───── GIVEN RECORDS

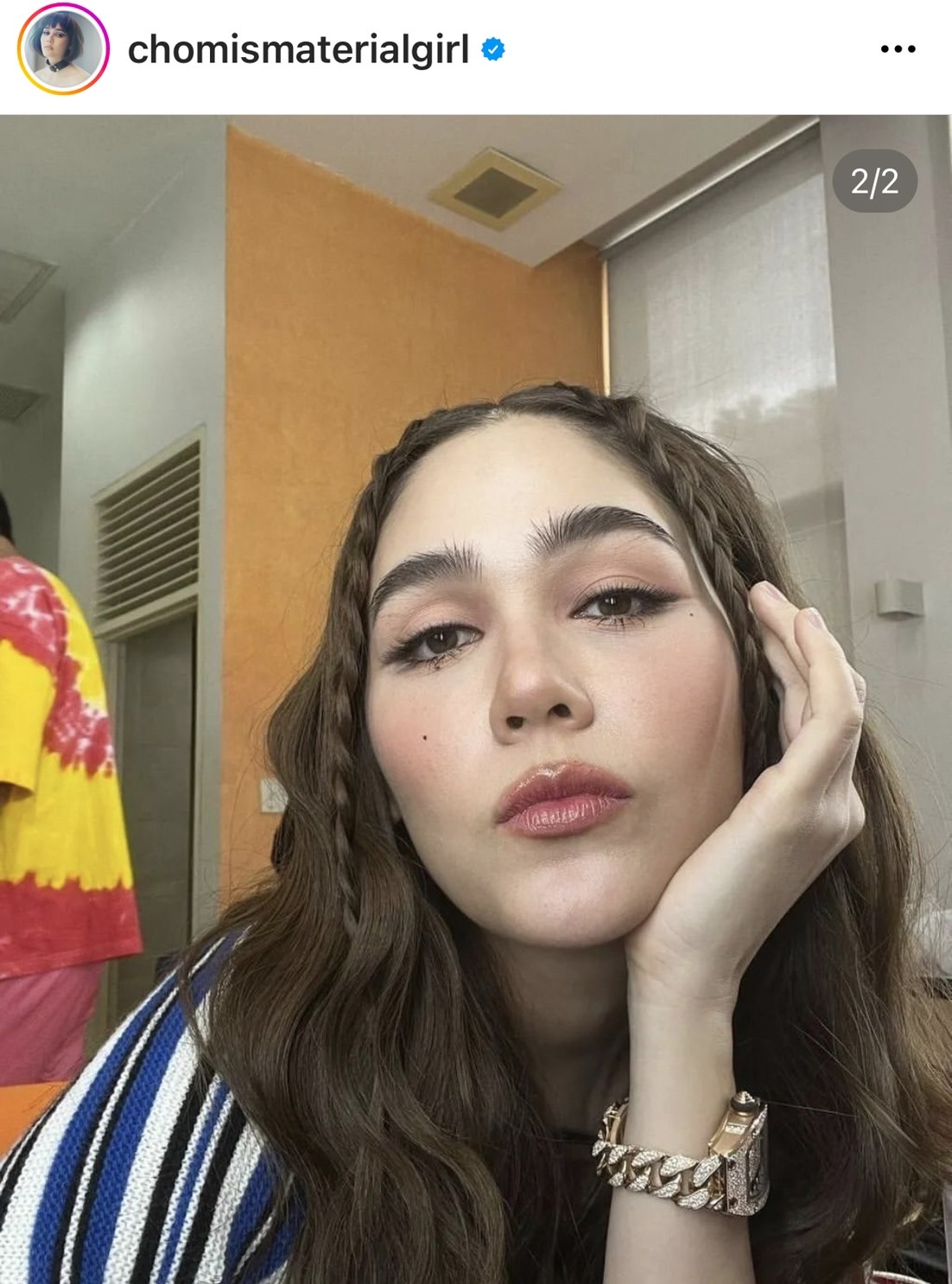 ชมพู่ เล่นใหญ่!! แปลงโฉมเป็น อาจารย์อารยา ชมพู่ เล่นใหญ่!! แปลงโฉมเป็น อาจารย์อารยา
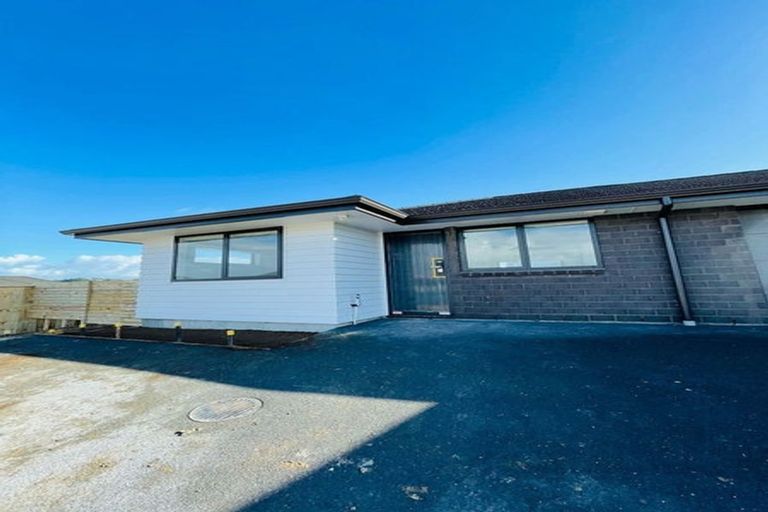 Photo of property in 31 Siren Street, Wainui, 0932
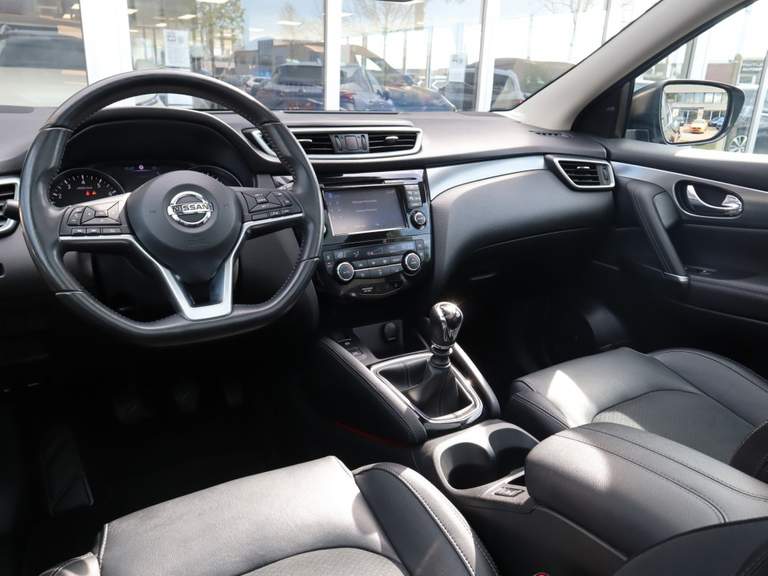Nissan Nissan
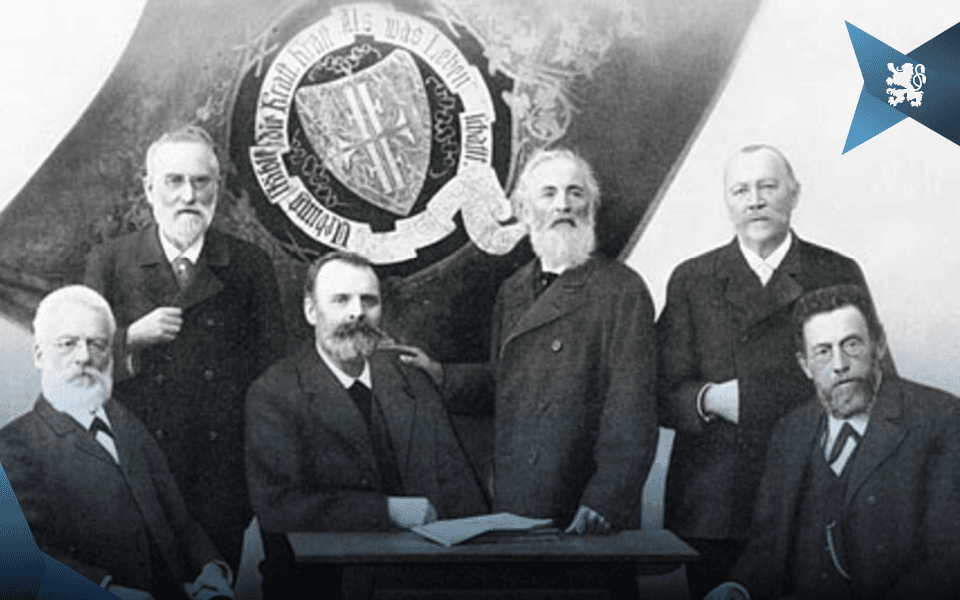 Gratulation: 1860 feiert 165. Geburtstag.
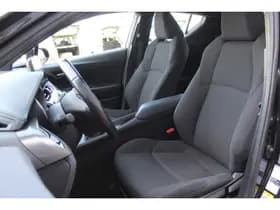 Toyota C-HR thumbnail 17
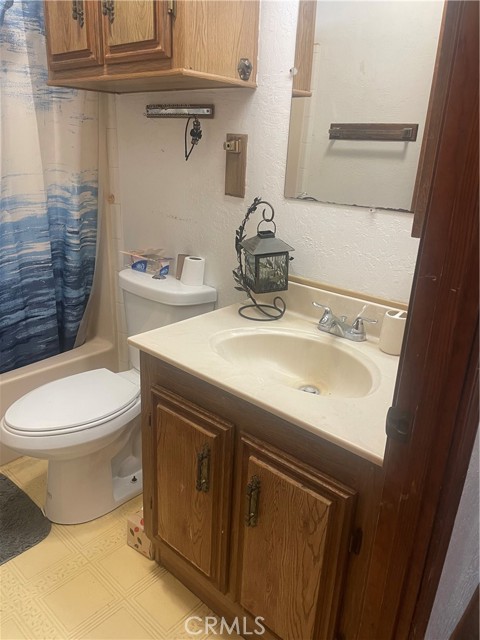 54 Pates Mountain Court, Oroville CA: https://media.crmls.org/medias/2b060f43-a91e-4a0b-ade6-c6907aa814e9.jpg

──────────

Your reply should be the lines of the records from the start through the line with "Toyota C-HR thumbnail 17", copied word for word, pictures omitted.

 ชมพู่ เล่นใหญ่!! แปลงโฉมเป็น อาจารย์อารยา ชมพู่ เล่นใหญ่!! แปลงโฉมเป็น อาจารย์อารยา
 Photo of property in 31 Siren Street, Wainui, 0932
Nissan Nissan
 Gratulation: 1860 feiert 165. Geburtstag.
 Toyota C-HR thumbnail 17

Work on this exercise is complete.